Directions for this task:
With the records in front of you, set every one of them down exactly.

(Short text fragments from websites)
((

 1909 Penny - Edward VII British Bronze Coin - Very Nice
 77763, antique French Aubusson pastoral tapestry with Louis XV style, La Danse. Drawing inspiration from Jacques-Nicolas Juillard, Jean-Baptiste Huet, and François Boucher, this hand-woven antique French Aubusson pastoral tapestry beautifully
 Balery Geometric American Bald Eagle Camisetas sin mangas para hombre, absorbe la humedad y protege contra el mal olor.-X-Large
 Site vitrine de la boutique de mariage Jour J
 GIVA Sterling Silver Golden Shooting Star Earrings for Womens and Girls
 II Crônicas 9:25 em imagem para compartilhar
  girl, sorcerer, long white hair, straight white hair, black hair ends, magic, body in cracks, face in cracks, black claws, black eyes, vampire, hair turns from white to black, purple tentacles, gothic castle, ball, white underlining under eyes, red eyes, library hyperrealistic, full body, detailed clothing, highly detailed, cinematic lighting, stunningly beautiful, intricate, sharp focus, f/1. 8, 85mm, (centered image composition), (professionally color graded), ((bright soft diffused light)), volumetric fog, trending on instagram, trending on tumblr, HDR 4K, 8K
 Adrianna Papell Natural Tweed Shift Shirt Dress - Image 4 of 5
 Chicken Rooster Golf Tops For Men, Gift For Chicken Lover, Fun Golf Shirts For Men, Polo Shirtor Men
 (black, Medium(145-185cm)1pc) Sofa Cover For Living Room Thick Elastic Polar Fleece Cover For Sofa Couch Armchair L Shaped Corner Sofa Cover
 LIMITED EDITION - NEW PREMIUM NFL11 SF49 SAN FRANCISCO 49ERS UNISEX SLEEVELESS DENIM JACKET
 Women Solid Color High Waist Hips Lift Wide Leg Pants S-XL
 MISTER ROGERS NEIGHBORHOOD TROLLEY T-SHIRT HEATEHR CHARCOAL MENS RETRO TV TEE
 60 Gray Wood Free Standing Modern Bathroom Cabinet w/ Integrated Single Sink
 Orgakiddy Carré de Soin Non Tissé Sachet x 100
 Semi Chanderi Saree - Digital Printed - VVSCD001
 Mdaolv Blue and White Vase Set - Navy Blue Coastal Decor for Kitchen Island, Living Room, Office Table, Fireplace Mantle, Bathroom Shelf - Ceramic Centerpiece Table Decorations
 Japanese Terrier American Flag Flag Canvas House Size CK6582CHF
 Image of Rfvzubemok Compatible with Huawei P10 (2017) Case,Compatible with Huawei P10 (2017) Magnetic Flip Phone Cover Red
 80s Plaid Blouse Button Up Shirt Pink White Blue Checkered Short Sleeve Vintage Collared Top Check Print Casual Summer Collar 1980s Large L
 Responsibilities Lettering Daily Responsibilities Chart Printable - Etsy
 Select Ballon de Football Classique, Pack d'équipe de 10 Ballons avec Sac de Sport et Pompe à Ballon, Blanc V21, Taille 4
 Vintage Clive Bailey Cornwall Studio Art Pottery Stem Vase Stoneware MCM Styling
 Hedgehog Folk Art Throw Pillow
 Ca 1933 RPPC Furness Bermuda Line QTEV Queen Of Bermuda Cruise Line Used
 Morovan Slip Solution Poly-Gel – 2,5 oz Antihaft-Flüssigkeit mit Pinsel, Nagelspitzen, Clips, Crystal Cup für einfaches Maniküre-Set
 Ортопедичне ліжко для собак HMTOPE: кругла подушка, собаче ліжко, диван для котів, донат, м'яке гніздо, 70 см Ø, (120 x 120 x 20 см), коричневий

))

Task solution:
 1909 Penny - Edward VII British Bronze Coin - Very Nice
 77763, antique French Aubusson pastoral tapestry with Louis XV style, La Danse. Drawing inspiration from Jacques-Nicolas Juillard, Jean-Baptiste Huet, and François Boucher, this hand-woven antique French Aubusson pastoral tapestry beautifully
 Balery Geometric American Bald Eagle Camisetas sin mangas para hombre, absorbe la humedad y protege contra el mal olor.-X-Large
 Site vitrine de la boutique de mariage Jour J
 GIVA Sterling Silver Golden Shooting Star Earrings for Womens and Girls
 II Crônicas 9:25 em imagem para compartilhar
  girl, sorcerer, long white hair, straight white hair, black hair ends, magic, body in cracks, face in cracks, black claws, black eyes, vampire, hair turns from white to black, purple tentacles, gothic castle, ball, white underlining under eyes, red eyes, library hyperrealistic, full body, detailed clothing, highly detailed, cinematic lighting, stunningly beautiful, intricate, sharp focus, f/1. 8, 85mm, (centered image composition), (professionally color graded), ((bright soft diffused light)), volumetric fog, trending on instagram, trending on tumblr, HDR 4K, 8K
 Adrianna Papell Natural Tweed Shift Shirt Dress - Image 4 of 5
 Chicken Rooster Golf Tops For Men, Gift For Chicken Lover, Fun Golf Shirts For Men, Polo Shirtor Men
 (black, Medium(145-185cm)1pc) Sofa Cover For Living Room Thick Elastic Polar Fleece Cover For Sofa Couch Armchair L Shaped Corner Sofa Cover
 LIMITED EDITION - NEW PREMIUM NFL11 SF49 SAN FRANCISCO 49ERS UNISEX SLEEVELESS DENIM JACKET
 Women Solid Color High Waist Hips Lift Wide Leg Pants S-XL
 MISTER ROGERS NEIGHBORHOOD TROLLEY T-SHIRT HEATEHR CHARCOAL MENS RETRO TV TEE
 60 Gray Wood Free Standing Modern Bathroom Cabinet w/ Integrated Single Sink
 Orgakiddy Carré de Soin Non Tissé Sachet x 100
 Semi Chanderi Saree - Digital Printed - VVSCD001
 Mdaolv Blue and White Vase Set - Navy Blue Coastal Decor for Kitchen Island, Living Room, Office Table, Fireplace Mantle, Bathroom Shelf - Ceramic Centerpiece Table Decorations
 Japanese Terrier American Flag Flag Canvas House Size CK6582CHF
 Image of Rfvzubemok Compatible with Huawei P10 (2017) Case,Compatible with Huawei P10 (2017) Magnetic Flip Phone Cover Red
 80s Plaid Blouse Button Up Shirt Pink White Blue Checkered Short Sleeve Vintage Collared Top Check Print Casual Summer Collar 1980s Large L
 Responsibilities Lettering Daily Responsibilities Chart Printable - Etsy
 Select Ballon de Football Classique, Pack d'équipe de 10 Ballons avec Sac de Sport et Pompe à Ballon, Blanc V21, Taille 4
 Vintage Clive Bailey Cornwall Studio Art Pottery Stem Vase Stoneware MCM Styling
 Hedgehog Folk Art Throw Pillow
 Ca 1933 RPPC Furness Bermuda Line QTEV Queen Of Bermuda Cruise Line Used
 Morovan Slip Solution Poly-Gel – 2,5 oz Antihaft-Flüssigkeit mit Pinsel, Nagelspitzen, Clips, Crystal Cup für einfaches Maniküre-Set
 Ортопедичне ліжко для собак HMTOPE: кругла подушка, собаче ліжко, диван для котів, донат, м'яке гніздо, 70 см Ø, (120 x 120 x 20 см), коричневий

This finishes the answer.